*How to complete this task:*
Print every entry exactly as written.

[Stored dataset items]
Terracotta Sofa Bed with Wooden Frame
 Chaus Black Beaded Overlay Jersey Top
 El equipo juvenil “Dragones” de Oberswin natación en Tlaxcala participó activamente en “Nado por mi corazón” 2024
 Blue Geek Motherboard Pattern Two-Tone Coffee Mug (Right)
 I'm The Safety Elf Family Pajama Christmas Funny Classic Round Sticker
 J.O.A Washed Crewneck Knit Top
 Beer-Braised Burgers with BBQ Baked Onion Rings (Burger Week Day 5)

*Answer section:*
Terracotta Sofa Bed with Wooden Frame
 Chaus Black Beaded Overlay Jersey Top
 El equipo juvenil “Dragones” de Oberswin natación en Tlaxcala participó activamente en “Nado por mi corazón” 2024
 Blue Geek Motherboard Pattern Two-Tone Coffee Mug (Right)
 I'm The Safety Elf Family Pajama Christmas Funny Classic Round Sticker
 J.O.A Washed Crewneck Knit Top
 Beer-Braised Burgers with BBQ Baked Onion Rings (Burger Week Day 5)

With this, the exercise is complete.